• **Exercise**
Using the line with "Vacinas: Pfizer e" as your starting point, transcribe it and each line beneath it word for word until the records run out, without pictures.

• **Supplied information**
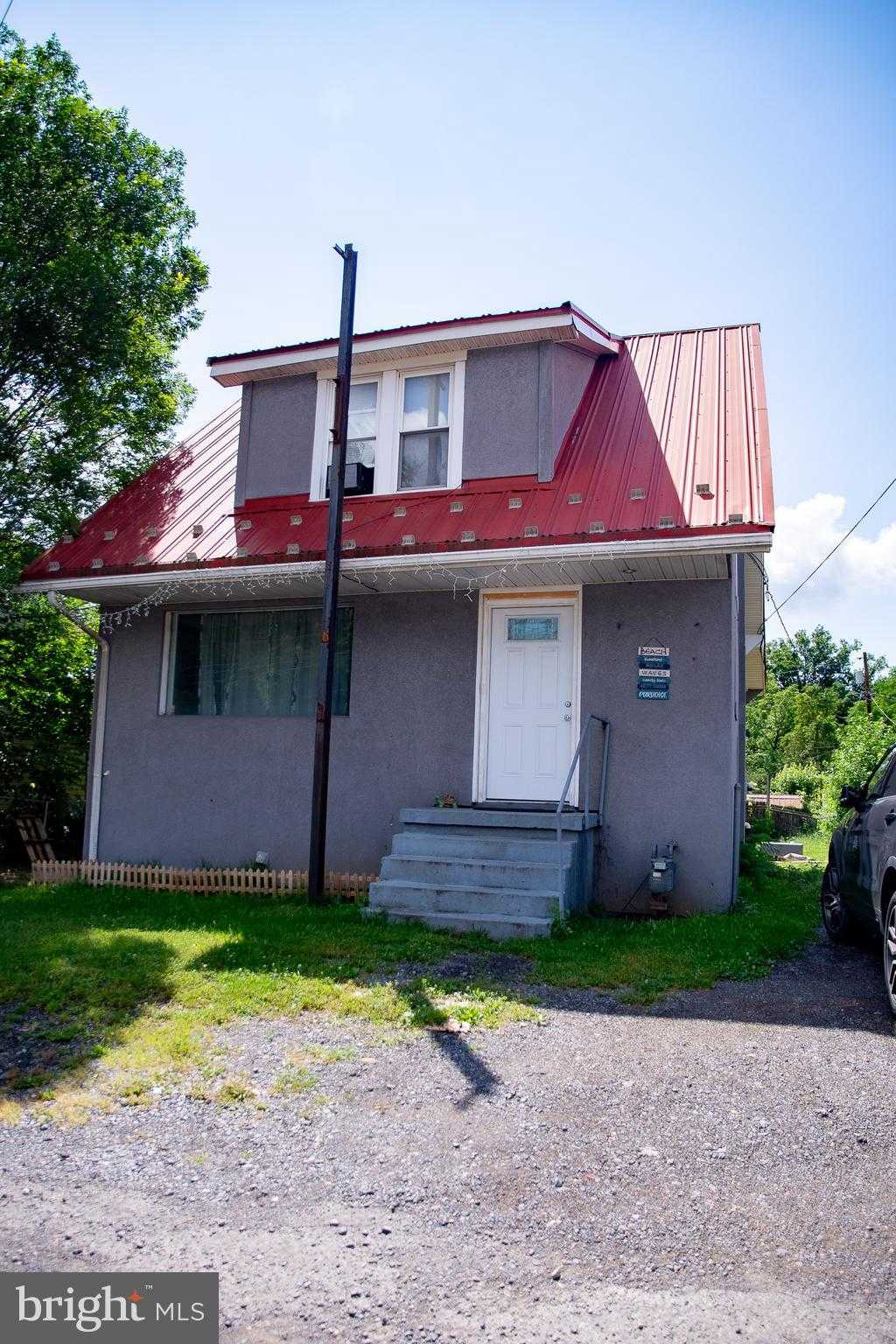 14526 Mcmullen Hwy SW, Cresaptown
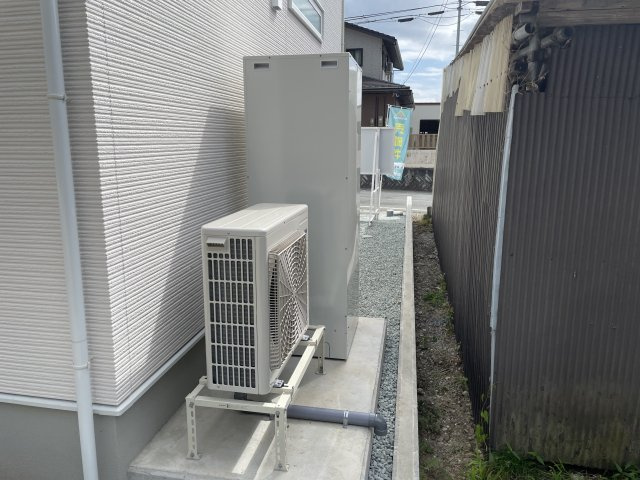 【設備】 | 新築分譲住宅 東根市中央東二丁目　全3棟　 | ヒートポンプ式でお湯を沸かし貯めておく給湯器です。深夜にお湯を沸かす事でプロパンガスの給湯器よりも光熱費を抑える事ができ、万が一災害時には貯湯タンクの水を使用することができます♪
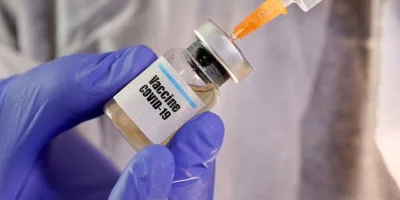 Vacinas: Pfizer e AstraZeneca solicitam à Índia aval para uso emergencial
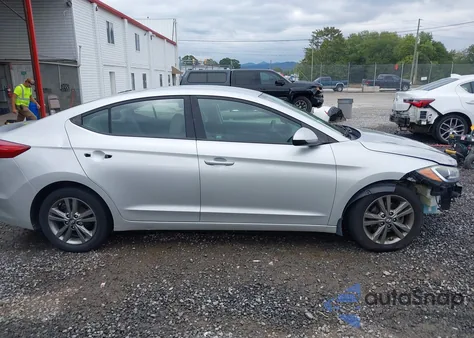 2017 Hyundai Elantra Se z USA, uszkodzony, nr VIN 5NPD84LF3HH023465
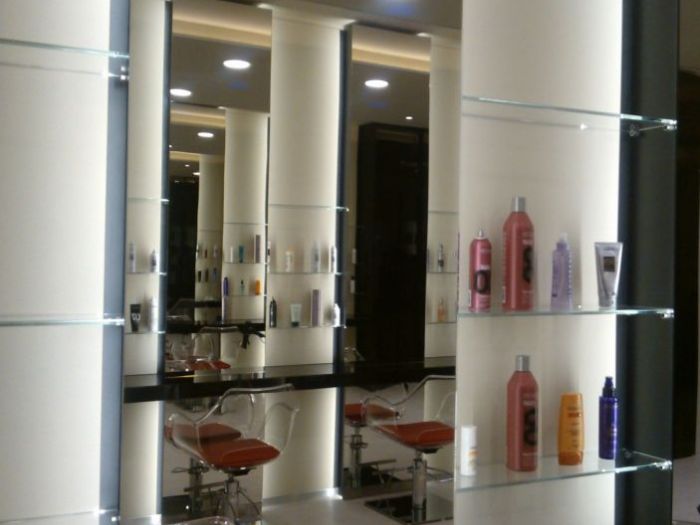 Archisio - Elisa Bonzanini - Progetto Negozio in milano - zona san babila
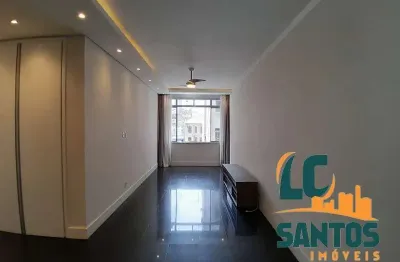 Apartamento de 3 dormitórios e 1 suíte na quadra da praia em santos .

• **Written reply**
 Vacinas: Pfizer e AstraZeneca solicitam à Índia aval para uso emergencial
 2017 Hyundai Elantra Se z USA, uszkodzony, nr VIN 5NPD84LF3HH023465
 Archisio - Elisa Bonzanini - Progetto Negozio in milano - zona san babila
 Apartamento de 3 dormitórios e 1 suíte na quadra da praia em santos .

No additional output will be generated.